ゴールを決めたらとっておきのディナー、ノーゴールならなんでも言うことを聞く。
「ディナーの内容はもう決めてるからいいとして、もしノーゴールだったらどうしよう」
槇島があたしの言うことを何でも……かぁ。
なにをお願いしよっかなぁ。
「そうだっ、買い物の荷物持ちとか? またあのカフェに付き添わせるのもいいなぁ。

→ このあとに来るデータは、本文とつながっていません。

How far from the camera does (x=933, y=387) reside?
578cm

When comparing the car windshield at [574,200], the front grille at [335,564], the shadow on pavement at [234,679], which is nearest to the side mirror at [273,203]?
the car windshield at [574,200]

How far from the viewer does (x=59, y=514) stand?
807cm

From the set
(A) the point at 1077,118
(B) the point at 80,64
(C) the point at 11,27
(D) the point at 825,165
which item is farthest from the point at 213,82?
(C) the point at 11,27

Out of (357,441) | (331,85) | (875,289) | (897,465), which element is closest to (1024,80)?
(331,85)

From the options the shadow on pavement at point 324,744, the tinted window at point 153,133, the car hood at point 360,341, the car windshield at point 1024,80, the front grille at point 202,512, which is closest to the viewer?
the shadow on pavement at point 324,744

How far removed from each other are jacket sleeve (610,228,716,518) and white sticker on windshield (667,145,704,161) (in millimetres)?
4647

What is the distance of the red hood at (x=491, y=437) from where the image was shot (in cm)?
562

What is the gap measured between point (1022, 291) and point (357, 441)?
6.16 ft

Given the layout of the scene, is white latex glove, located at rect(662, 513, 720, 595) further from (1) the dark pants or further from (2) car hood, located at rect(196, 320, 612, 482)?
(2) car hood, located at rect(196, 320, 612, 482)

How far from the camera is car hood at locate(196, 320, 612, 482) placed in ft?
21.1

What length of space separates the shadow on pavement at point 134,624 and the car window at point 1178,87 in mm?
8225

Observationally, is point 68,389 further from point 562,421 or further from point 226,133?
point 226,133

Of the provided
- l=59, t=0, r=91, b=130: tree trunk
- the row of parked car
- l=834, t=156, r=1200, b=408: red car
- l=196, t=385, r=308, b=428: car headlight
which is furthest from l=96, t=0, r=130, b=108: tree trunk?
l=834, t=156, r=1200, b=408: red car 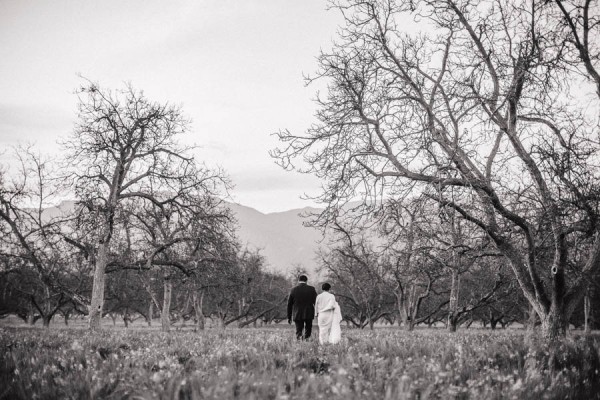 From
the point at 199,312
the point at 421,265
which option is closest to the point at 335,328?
the point at 421,265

この前のパンケーキ美味しかったし」
……でもせっかくなら、槇島が一息つけるものがいいよね。
「うーん……まっ、その時の気分で決めればいいやっ」
お風呂から出てバスタオルで身体を拭うと、いつも大事な時に着るネイビーの下着と、モコモコの部屋着を着て、ドライヤーで髪を乾かす。
完全栄養食のパンと紅茶の朝食を摂って、歯磨きしながら今日着ていくものを決める。
元アイドルというのは面倒なもので、可愛すぎると目立つし、かと言ってダサい服はプライドが許さない。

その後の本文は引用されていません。